I obviously meant sketchy regarding certain aspects of Christian teaching,Church Government for instance.Other than qualifications for it's leaders,that is about all we have to go on.

As for Eastern Orthodox,they reject many of the Roman Orthodox's assertions,such as papal infallibility, Mary's immaculate conception and assumption,and purgatory. Other than the Iconoclasm controversy,and their views on free-will I find them quite Orthodox.

I do find many in the Reformed position wrong for rejecting Mary as the Theotokos,even R.C. Sproul embraces this I believe,simply because it emphasises Jesus Christ as being fully God and fully Man,and dispels any notion of Him being otherwise. Nestorius wanted her referred to, as simply Christotokos,which the Third Ecumenical Council of Ephesus rejected as heresy. Because it basically says that Jesus is two Persons,with two natures.

[Edited on 9-6-2005 by Denny]

[Edited on 9-6-2005 by Denny]


----------



## LadyFlynt (Sep 6, 2005)

I'll have to reover the last two posts later. And the brochure. I can say that conversion is NOT a painful process. MIL converted to Greek Orthodoxy awhile back and stayed for 5yrs. Even though she's since removed her membership and has moved to another state (and another church-anabaptist this time), she still comes every Labor Day for Greek Fest to dance with her friends. (okay, maybe THAT'S the painful part...they do tend to dance till their feet about fall off!)


----------



## Scott (Sep 6, 2005)

As in Roman Catholicism, there are a variety of views of tradition in the EO world. Some hold to the 2-source theory (i.e. revelation has been transmitted in two sources - written and oral). Others hold to what amounts to more of an interpretative tradition. The mind of the Church interprets the scriptures and these interpretations are the right ones. SOrt of like the way a court might interpret the constitution, except that the church, when acting universally, does not err as do our courts. Here is an article: On Church and Tradition. It is by Georges Florovsky, who is one of the most respected EO theologians of the 20th century. You will note that he even criticizes the 2-source view.


----------



## Scott (Sep 6, 2005)

"And highlighted more prominant conversions of people such as Peter Gillquist,who once was head of Campus Crusade for Christ,and of course in another article in the same paper , highlighted Franky Schaeffer,Francis Schaeffer's son,converted to Orthodoxy a few years back,so I think it is not quite as rare as you may think it is."

Schaeffer and Gilquist always come up.
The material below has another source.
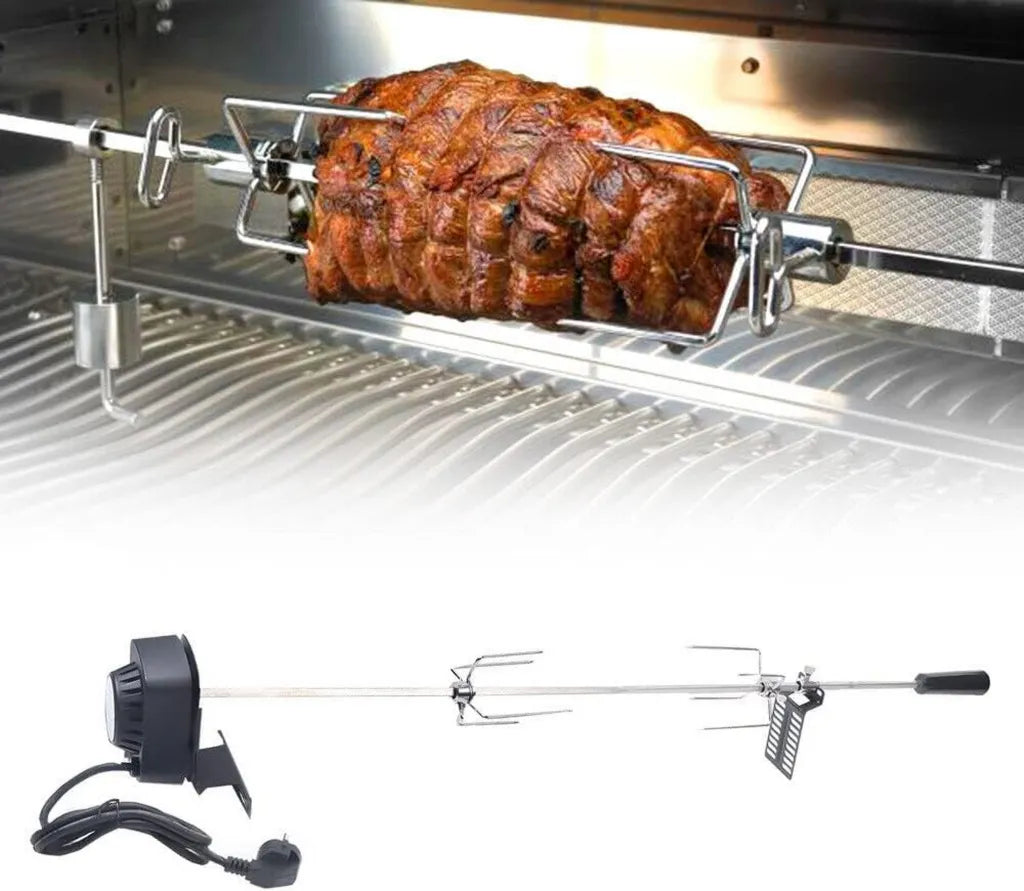 Brochettes de Barbecue en Inox avec Moteur Électrique - Idéal pour Camping, Pique-Niques et Fêtes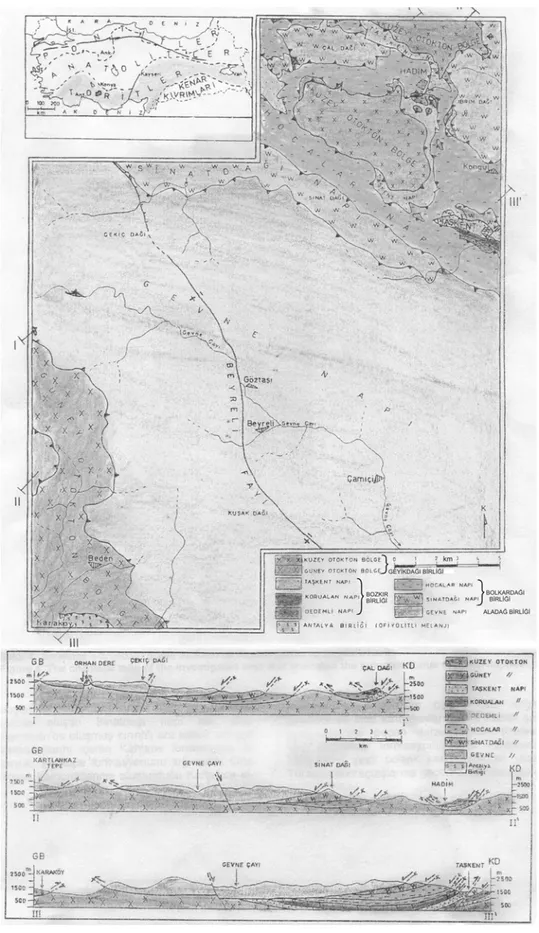 Şekil 4. Hadim güneyinin sadeleştirilmiş  yapısal harita ve enine kesitleri (Turan, 1999’dan)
They are something of celebrities in EO circles. Yet they are still pretty minor and their conversions have not produced much of a wave of new converts. The fact that year after years these are the main guys mentioned is telling. 
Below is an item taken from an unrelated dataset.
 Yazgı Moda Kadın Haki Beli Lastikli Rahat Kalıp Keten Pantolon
In fact, Schaeffer is openly critical of a host of problems in EO: The Seduction of Orthodoxy. The ironic thing is that EO has some of the same problems that led him to search for an alternative to evangelicalism. In his conversion story he relates one reason that caused him to leave was the lukewarm nature of evangelicals. Well, he finds that EO suffers the same problems (often they are ethnic social clubs with little spirituality). For a book-length version of Schaeffer's criticisms , see his Letters to Father Aristotle. 

[Edited on 9-6-2005 by Scott]


----------



## Scott (Sep 6, 2005)

Denny' article is interesting. A couple of the more interesting facts:

> About 80 percent of its converts come from evangelical and charismatic backgrounds, 20 percent from mainline denominations. 

> About 78 percent of clergy in the Antiochian Church are converts, up from 10 to 15 percent 25 years ago. Nearly half of the students in America's two largest Orthodox seminaries are converts. 

> "Conversion to Orthodoxy often begins with an intellectual quest, Mr. Shinn said."

On the third point, I have heard allot of EO conversion stories and this does seem to be a common element. This is an interesting contrast to evangelicalism. People often convert to evangelicalism from unbelief or liberal Christianity and do so for reasons that this offer meaning to life, the zeal of the adherents, etc. In spite of apologetic efforts, it seem rare for people to become evangelical for intellectual reasons.

[Edited on 9-6-2005 by Scott]


----------